Posted on October 9, 2018 by David Greenspoon
“What is Pardes’s Executive Learning Seminar? For me it is a chance to engage in serious study with amazing learners and teachers, concerned with an application of Jewish wisdom to our larger world, in a setting dedicated with a radical commitment to real pluralism. For me, Pardes is not just The Orchard. It is Gan Eden, truly a part of paradise.”
-Rabbi David Greenspoon, Seminar Alum Summer 2018, Leesburg, Virginia
Excerpts from a sermon given on Yom Kippur by Rabbi David Greenspoon of Congregation Sha’are Shalom in Leesburg, Virginia.
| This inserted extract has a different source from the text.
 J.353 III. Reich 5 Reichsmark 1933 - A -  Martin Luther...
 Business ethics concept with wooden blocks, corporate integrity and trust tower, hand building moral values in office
This morning I would like to share some thoughts inspired by some of my experiences here and in Israel that inform the idea of community. It starts with a story from my time at the Summer Executive Learning Seminar at Pardes this summer. It is a story of radical welcoming, and one that profoundly touched my soul.
My trip was in the last part of the observance of sheloshim, the 30 days after the funeral of my father. Before our lunch break we had an opportunity to take time for the daily afternoon or minhah prayer service. Pardes is non-denominational and proudly claims a pluralistic identity in Israeli religious society, but it comes from progressive, modern Orthodox origins. It is no surprise that the optional traditional minhah service with a mehitzah, the divider for gender separation, always quickly makes its minimum ten and then some.
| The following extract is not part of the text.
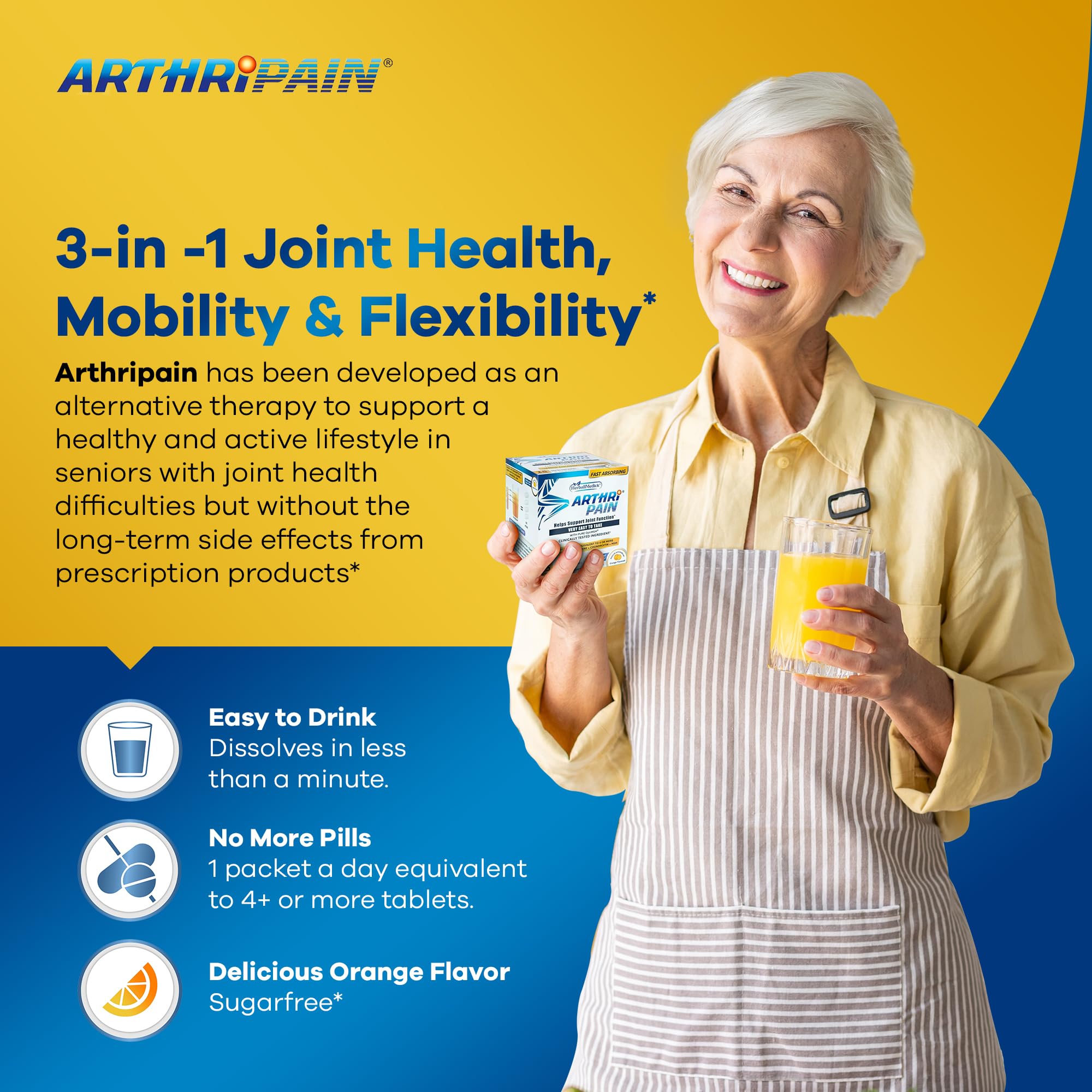 HerballMedick sobre abierto con polvo de Arthripain listo para mezclar y conveniencia diaria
Most of the students were men happy to daven in that setting, if they were going to daven. On the other hand, the egalitarian minyan sometimes needed a little assistance to get to ten. It was in this minyan that I was davening, and for that matter typically leading the service, as is traditional for a mourner during the 30 days. The staff rallied to fill in the missing people. A staff person would note how many were needed, see if more students were on the way in, and then turn to the staff to fill in if there was a gap. Regularly I would turn around to see staff, including orthodox observance women, present to get us to minyan or beyond, so I could say Kaddish for my dad. It is nearly impossible to describe how touched and moved I was by this deep act.
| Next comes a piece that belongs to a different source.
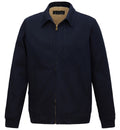 The Ritemate Mens Pilbara Sherpa Bomber Jacket (RMPC123) in navy features a front zipper, two large front pockets, a fold-over collar, and tan sherpa lining. Made from cotton stretch twill with a classic fit, this Ritemate jacket is casual and warm.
It was one of the holiest experiences I’ve ever had in Israel, or anywhere else for that matter. The kindness extended to me, a relative stranger to most of the staff, did more than made me feel welcome. It made me feel I mattered. It has moved me to tears more than once during and even after my trip.
It is this feeling of being connected and knowing we matter that is the most important factor defining the priorities and efforts of many congregations today……
This was my 2nd Pardes experience; I previously participated in the Summer Curriculum Workshop. I look forward to more opportunities to connect with Pardes to come.